§ Problem statement
Go to the line below containing "Used Stainless Steel" and print exactly from there through the line containing "Direct Drive Brush", both included. Print nothing else.

§ Study material
-- -- --

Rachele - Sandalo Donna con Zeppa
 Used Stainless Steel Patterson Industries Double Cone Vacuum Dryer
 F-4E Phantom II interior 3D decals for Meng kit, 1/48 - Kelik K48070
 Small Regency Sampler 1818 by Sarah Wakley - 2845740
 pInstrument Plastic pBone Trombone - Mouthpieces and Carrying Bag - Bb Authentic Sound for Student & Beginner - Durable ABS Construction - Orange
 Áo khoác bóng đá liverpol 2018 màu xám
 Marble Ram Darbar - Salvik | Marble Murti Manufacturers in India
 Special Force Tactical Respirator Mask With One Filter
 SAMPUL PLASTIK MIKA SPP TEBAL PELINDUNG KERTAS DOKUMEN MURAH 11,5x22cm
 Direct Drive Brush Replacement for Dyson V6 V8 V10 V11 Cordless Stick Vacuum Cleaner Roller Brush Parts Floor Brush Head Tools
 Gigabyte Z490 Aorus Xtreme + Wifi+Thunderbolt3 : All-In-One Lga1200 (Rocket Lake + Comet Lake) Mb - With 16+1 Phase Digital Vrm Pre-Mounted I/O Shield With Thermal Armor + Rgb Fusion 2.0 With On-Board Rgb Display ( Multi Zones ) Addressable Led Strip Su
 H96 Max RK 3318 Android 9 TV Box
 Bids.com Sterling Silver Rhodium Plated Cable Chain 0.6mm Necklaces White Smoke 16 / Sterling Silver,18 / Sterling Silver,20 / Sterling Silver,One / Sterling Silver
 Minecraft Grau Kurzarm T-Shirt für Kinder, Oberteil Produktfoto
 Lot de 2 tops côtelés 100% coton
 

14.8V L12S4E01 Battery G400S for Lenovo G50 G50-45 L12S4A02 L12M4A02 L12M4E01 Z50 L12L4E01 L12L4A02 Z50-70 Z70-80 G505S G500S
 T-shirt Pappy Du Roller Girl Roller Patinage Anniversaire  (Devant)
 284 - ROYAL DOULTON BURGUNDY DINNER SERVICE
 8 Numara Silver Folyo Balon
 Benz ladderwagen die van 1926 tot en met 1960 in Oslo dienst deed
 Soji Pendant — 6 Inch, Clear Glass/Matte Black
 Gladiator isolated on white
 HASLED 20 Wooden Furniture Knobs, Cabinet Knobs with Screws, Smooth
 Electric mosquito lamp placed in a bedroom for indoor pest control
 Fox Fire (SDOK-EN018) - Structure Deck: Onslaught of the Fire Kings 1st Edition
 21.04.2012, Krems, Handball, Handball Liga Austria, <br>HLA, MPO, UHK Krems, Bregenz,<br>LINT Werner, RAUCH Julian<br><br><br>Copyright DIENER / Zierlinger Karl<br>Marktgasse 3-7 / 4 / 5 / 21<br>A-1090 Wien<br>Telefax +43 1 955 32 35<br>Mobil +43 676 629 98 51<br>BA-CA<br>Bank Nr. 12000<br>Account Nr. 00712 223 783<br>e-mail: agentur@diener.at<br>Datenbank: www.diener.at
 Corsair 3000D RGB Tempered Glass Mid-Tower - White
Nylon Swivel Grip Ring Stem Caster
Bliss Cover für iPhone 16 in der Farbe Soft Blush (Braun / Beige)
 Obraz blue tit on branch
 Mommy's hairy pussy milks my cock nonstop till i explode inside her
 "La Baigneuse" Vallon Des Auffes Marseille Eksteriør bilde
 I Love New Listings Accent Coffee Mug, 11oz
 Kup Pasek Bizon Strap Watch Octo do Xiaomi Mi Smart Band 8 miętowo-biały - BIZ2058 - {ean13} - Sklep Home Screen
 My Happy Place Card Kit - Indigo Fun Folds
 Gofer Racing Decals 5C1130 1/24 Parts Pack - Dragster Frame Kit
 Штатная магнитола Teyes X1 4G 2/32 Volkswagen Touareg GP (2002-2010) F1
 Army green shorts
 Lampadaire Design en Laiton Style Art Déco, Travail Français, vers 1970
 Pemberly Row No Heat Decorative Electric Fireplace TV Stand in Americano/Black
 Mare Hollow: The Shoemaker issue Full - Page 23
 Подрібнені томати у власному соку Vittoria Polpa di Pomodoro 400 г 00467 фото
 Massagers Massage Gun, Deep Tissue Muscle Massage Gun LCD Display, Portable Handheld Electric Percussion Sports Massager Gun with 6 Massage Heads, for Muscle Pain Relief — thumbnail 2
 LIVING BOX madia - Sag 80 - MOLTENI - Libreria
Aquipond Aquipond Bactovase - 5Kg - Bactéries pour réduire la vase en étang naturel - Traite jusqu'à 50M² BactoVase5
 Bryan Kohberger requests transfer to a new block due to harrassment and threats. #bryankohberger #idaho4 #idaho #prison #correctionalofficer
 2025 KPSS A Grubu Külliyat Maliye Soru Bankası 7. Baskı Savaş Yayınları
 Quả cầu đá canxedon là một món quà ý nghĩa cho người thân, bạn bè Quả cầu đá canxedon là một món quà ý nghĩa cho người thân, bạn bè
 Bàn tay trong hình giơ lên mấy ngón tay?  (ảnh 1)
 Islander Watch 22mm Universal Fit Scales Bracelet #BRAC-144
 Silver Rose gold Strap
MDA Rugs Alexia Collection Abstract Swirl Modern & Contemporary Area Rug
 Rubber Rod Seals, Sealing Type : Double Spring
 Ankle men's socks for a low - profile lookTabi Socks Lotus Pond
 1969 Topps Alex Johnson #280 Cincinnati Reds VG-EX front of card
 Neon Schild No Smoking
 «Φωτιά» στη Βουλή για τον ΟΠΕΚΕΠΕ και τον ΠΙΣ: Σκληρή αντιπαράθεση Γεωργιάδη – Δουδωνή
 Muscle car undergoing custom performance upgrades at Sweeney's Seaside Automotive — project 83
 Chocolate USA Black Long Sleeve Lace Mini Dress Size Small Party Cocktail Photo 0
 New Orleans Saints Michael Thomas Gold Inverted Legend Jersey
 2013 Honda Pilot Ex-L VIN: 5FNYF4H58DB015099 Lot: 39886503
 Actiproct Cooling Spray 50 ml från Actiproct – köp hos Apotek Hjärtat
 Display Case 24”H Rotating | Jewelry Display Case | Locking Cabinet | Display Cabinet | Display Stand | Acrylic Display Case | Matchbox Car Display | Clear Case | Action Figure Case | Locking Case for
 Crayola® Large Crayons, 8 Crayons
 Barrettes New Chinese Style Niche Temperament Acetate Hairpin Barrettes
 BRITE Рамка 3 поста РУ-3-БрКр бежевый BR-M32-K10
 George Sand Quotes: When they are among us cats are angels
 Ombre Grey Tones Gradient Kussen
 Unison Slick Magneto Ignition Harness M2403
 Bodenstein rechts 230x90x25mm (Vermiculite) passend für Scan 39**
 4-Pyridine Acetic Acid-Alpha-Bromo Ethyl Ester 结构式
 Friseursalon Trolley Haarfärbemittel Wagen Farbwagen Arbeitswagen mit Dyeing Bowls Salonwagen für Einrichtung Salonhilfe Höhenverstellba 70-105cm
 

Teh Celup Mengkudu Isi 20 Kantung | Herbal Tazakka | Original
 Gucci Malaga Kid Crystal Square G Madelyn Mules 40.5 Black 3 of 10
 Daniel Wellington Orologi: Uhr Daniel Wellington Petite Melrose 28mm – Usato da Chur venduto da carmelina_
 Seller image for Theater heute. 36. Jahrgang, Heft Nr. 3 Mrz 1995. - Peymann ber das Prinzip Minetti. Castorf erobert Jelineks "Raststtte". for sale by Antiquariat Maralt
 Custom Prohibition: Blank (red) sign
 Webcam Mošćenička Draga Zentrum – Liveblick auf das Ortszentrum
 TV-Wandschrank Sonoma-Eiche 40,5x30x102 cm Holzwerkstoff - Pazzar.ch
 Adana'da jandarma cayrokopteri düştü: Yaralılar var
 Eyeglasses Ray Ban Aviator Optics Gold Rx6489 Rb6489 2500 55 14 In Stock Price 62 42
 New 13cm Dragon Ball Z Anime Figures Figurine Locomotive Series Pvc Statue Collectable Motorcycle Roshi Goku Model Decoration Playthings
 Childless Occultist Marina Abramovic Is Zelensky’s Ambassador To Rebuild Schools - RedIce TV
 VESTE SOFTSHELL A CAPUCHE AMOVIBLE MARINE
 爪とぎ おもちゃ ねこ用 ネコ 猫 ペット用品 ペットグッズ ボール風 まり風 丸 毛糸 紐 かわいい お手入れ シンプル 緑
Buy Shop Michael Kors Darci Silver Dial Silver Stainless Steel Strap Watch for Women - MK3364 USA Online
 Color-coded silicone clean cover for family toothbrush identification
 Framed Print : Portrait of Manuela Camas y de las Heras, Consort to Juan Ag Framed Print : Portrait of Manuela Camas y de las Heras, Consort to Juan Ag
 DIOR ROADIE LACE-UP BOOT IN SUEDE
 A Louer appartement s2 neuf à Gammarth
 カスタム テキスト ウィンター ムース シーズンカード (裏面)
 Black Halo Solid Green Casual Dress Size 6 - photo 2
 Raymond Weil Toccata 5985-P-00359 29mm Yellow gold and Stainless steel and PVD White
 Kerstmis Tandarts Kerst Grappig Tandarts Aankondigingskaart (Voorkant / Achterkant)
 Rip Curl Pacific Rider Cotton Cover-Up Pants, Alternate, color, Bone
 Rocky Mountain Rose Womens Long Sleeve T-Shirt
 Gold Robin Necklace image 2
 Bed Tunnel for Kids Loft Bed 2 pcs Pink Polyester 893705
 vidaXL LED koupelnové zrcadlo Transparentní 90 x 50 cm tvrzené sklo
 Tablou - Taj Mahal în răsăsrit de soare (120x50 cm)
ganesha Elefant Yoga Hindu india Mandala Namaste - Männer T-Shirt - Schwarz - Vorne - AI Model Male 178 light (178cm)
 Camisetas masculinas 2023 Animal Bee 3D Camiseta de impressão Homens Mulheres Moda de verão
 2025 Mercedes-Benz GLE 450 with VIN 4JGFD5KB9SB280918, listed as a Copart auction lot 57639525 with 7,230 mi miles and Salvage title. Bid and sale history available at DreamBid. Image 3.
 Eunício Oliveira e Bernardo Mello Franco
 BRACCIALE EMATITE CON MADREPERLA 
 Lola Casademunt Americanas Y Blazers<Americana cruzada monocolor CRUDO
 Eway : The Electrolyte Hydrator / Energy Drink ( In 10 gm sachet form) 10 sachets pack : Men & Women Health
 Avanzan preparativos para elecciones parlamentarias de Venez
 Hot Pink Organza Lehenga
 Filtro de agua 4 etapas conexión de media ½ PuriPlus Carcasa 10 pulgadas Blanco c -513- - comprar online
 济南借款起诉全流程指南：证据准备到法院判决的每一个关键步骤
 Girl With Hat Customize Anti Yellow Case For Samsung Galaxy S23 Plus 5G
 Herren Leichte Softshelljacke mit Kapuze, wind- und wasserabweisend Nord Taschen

-- -- --

§ Output below
 Used Stainless Steel Patterson Industries Double Cone Vacuum Dryer
 F-4E Phantom II interior 3D decals for Meng kit, 1/48 - Kelik K48070
 Small Regency Sampler 1818 by Sarah Wakley - 2845740
 pInstrument Plastic pBone Trombone - Mouthpieces and Carrying Bag - Bb Authentic Sound for Student & Beginner - Durable ABS Construction - Orange
 Áo khoác bóng đá liverpol 2018 màu xám
 Marble Ram Darbar - Salvik | Marble Murti Manufacturers in India
 Special Force Tactical Respirator Mask With One Filter
 SAMPUL PLASTIK MIKA SPP TEBAL PELINDUNG KERTAS DOKUMEN MURAH 11,5x22cm
 Direct Drive Brush Replacement for Dyson V6 V8 V10 V11 Cordless Stick Vacuum Cleaner Roller Brush Parts Floor Brush Head Tools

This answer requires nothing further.